To address these two issues, Amazon researchers offer an Active Learning-based technique for Large-scale ImbalancEd graphs (ALLIE), which combines the principle of AL on graphs with reinforcement learning for accurate and efficient node categorization. Using several uncertainty measures as criteria, ALLIE may successfully pick informative unlabeled samples for labeling. Furthermore, the method prioritizes the categorization of less confident and “under-represented” samples.
Researchers offer a graph coarsening mechanism for ALLIE that categorizes related nodes into clusters in order to scale the approach to huge graphs. The search space for the AL algorithm is reduced with a better representation of nodes in each cluster. This is the first study to use large-scale graphs and active learning to model the imbalance problem.

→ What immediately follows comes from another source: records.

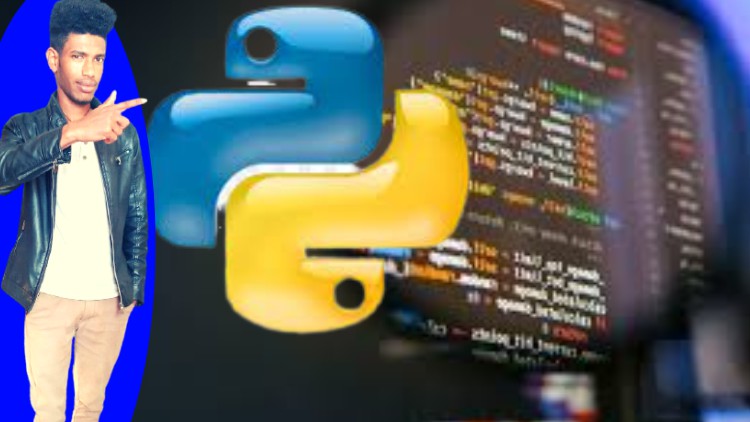 Learn Python By Doing Real World Projects from Scratch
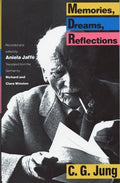 Memories, Dreams, Reflections (Revised) - Ingram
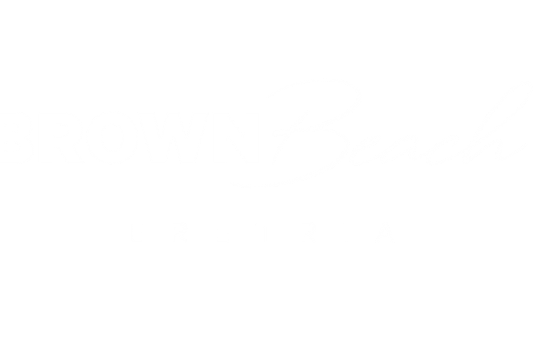 Brown Beach Eretria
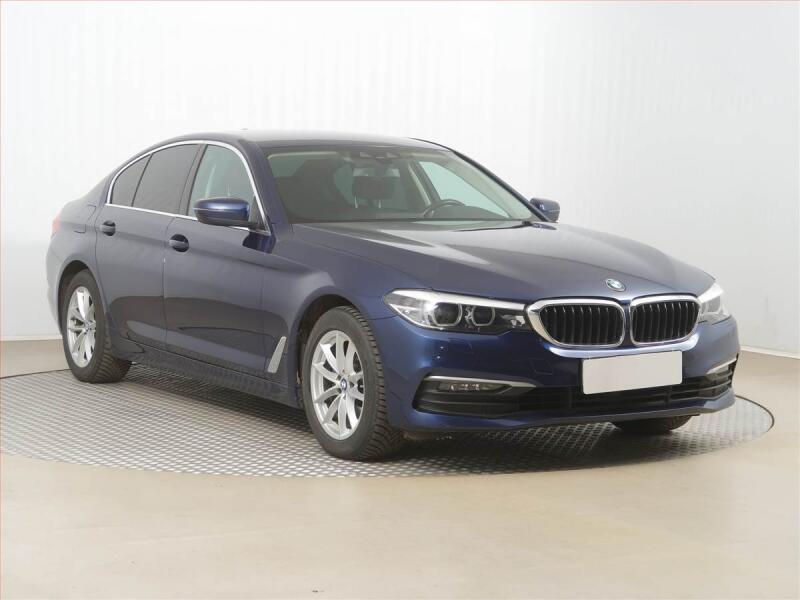 BMW Rad 5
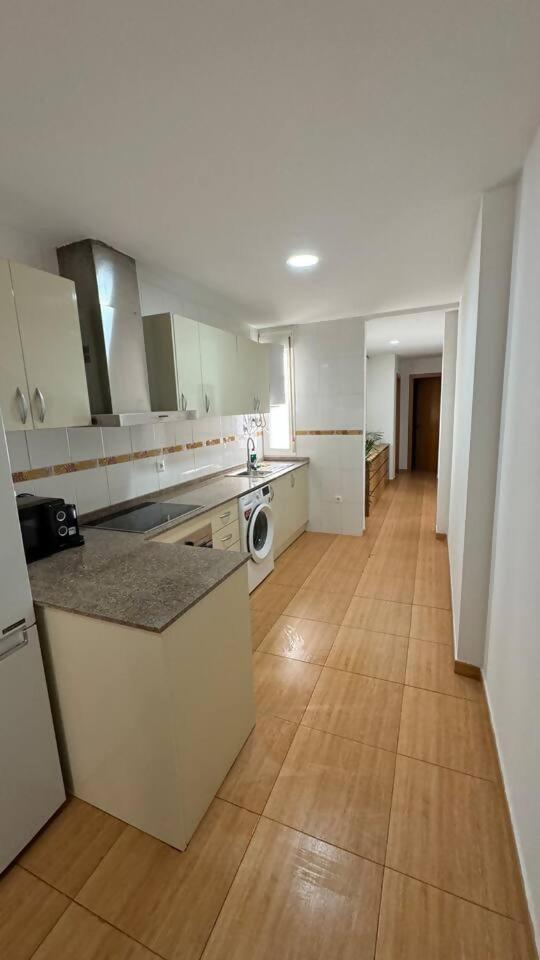 Apartamentos Felip 3 Burriana Esterno foto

The contributions of the team are as follows:
• Imbalance-aware reinforcement learning-based graph policy network: The team uses a reinforcement learning technique to discover a representative subset of the unlabeled dataset by optimizing the classifier’s performance. The nodes that are being queried will be more representative of the minority class.
• Graph coarsening strategy to handle large-scale graph data: Existing approaches rarely consider scalability, making them inefficient when used in real-world scenarios. Researchers use a graph coarsening approach to decrease the action space in the policy network to reduce running time.
• Robust learning for more accurate node classification: Researchers build a node classifier with focused loss that down-weights the well-classified samples, unlike traditional approaches that do not distinguish between majority and minority classes when maximizing the objective function.
ALLIE was tested on both balanced and unbalanced datasets. The balanced datasets are based on publicly available citation graphs, while the imbalanced dataset comes from a private e-commerce site. On both datasets, the researchers report on node classification performance.
According to the results, ALLIE improved an average of 2.39 percent in Macro F1 and 2.71 percent in Micro F1 over the best baseline on balanced graph datasets. On the e-commerce website dataset, ALLIE improved the positive classes (abusive users and reviews) by an average of 4.75 percent in Precision, 1.96 percent in Recall, and 3.45 percent in F1 (with 10.54 percent, 3.7 percent, and 7.71 percent relative improvement, respectively) over the best baseline. A detailed ablation study was also carried out by the team to highlight the importance of each component of ALLIE. According to additional tests, ALLIE outperforms baselines with a variety of initial training set sizes and query budgets.
Conclusion
In a recent study, Amazon researchers present ALLIE, a unique active learning framework for large-scale unbalanced graphs. ALLIE uses a graph policy network to query potential nodes for labeling by maximizing the GNN classifier’s long-term performance. ALLIE, in comparison to numerous state-of-the-art approaches, can better deal with an uneven data distribution thanks to two balancing mechanisms. ALLIE also has a graph coarsening module, making it scalable for large-scale applications. ALLIE’s high performance is demonstrated by experiments on three benchmark datasets and a real-world retail website dataset.